É dado maior destaque às competências próprias dos eleitos e do órgão. No entanto, a cooptação das personalidades externas é encarada numa perspetiva utilitária, de pessoas ditas influentes para fomentar a competitividade da instituição e diversificar a capacidade de financiamento. Esta tem sido, a meu ver, uma das fraquezas das instituições, e que revelam um défice de real abertura à sociedade. É uma visão de um sentido, de ajudar a ter mais meios, em lugar de uma processo de trazer outras visões para a Universidade, que questionem, que desafiem, que causem desconforto, que façam sair dos muros mentais. Também é referido, e aqui bem, o papel fiscalizador que o Conselho Geral deve assumir e que tem como competência própria.
Curiosamente, esta candidatura optou por apresentar o texto em português e inglês.
Representantes dos Estudantes. Sem informação sobre as candidaturas na página do Conselho Geral. Incoerências de um sistema que para um órgão tem duas comissões eleitorais. Juntos, mas separados. Talvez por real falta de coesão institucional. Talvez como resultado de cedências ou de poderes adquiridos. Talvez por ilusões de autonomia ou autossuficiência. Talvez por vontade de controlo. Não é de agora. Mas não tinha de continuar a ser assim.
Colégio dos não docentes e não investigadores. Uma lista. Sem escolha:
Juntos somos mais UA
Um manifesto curto, fechado, não passando das questões de "classe", muitas das quais não serão do âmbito do Conselho Geral, não serão sequer do âmbito do Reitor, mas sim do Administrador. Alguns exemplos. Representar os interesses do pessoal não docente e não investigador, formação profissional, mobilidade entre serviços, preocupação sobre a comunicação entre os órgãos e estes trabalhadores e não nenhuma perspetiva transversal, reconhecimento.

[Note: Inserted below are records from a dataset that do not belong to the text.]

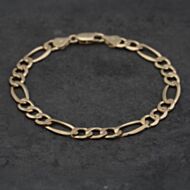Pre-Owned 9ct Yellow Gold 8.5 Inch Figaro Chain Bracelet 41081280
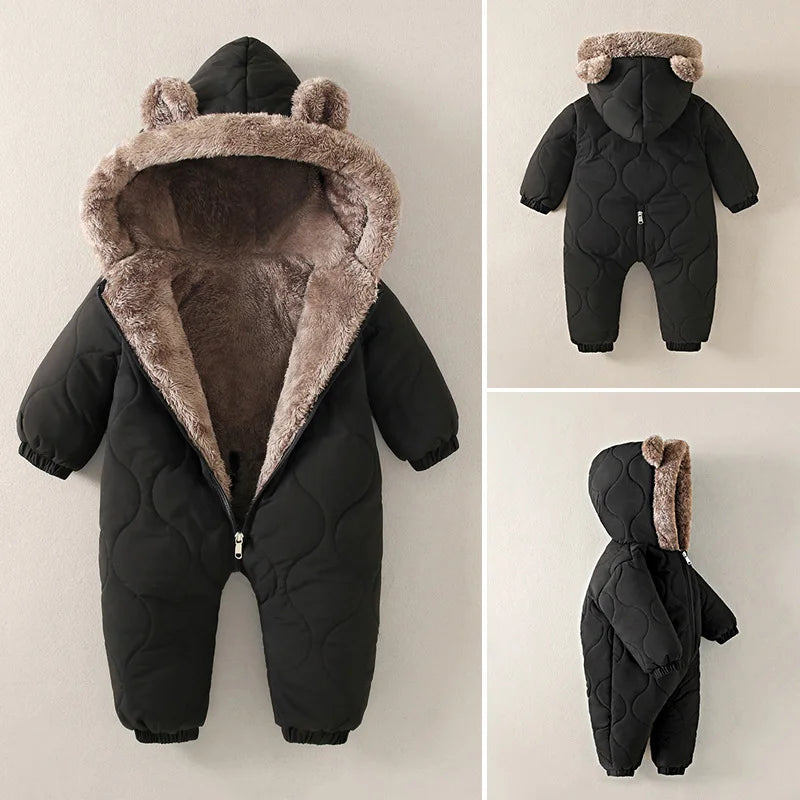 Toddler Boy Hooded Fleece Velvet Snowsuit Autumn Winter Warmth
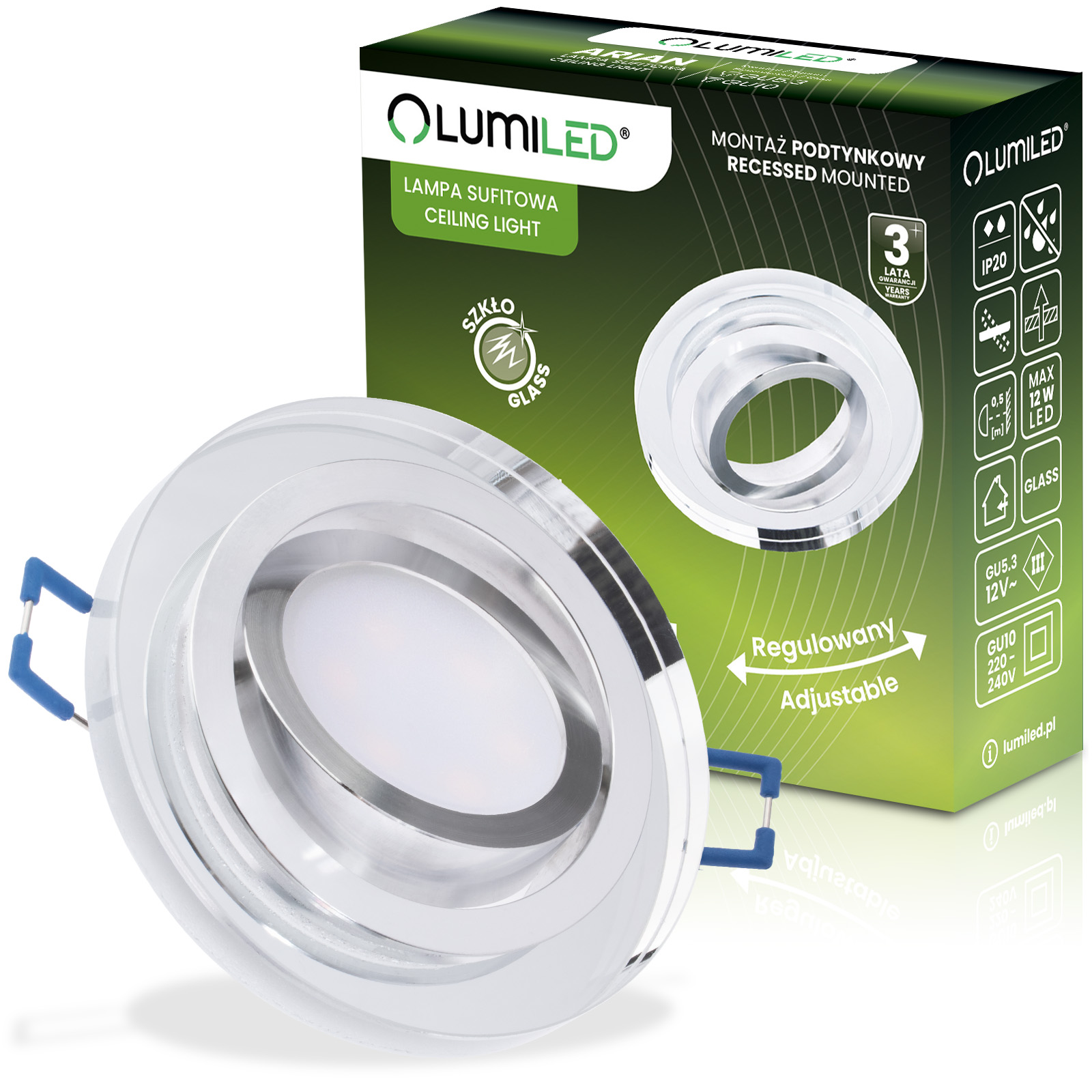 Oprawa Halogenowa Podtynkowa Lampa Sufitowa Szklana Okrągła Ruchoma GU10 ARIAN LUMILED - główne zdjęcie produktu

É pouco. Não permite vislumbrar o contributo efetivo para questões e decisões transversais à instituição, baseados no conhecimento e experiência própria de muitos não docentes e não investigadores.
De tempos a tempos volta a esta citação, já com vinte e cinco anos, mas não encontro aqui este espírito.
"Yet, ironically, many staff members are far more loyal to the university than students or faculty. In one sense this is because they are more permanent than students and faculty. Students are essentially tourists, spending only a few short years on the campus, and seeing relatively little of its myriad activities. Similarly, many faculty members view their appointments in the university as simply another step up the academic ladder. Their presence at and their loyalty to the institution is limited, usually outweighed by their loyalty to their disciplines and their careers. In contrast many staff members spend their entire career at the same university , although they may assume a variety of roles. As a result, they not only exhibit a greater institutional loyalty than faculty or students, but they also sustain the continuity, the corporate memory, and the momentum of the university. Ironically, they also sometimes develop a far broader view of the university, its array of activities, and even its history, than do the relative short-timers among the faculty and students." (J. Duderstadt, 2000).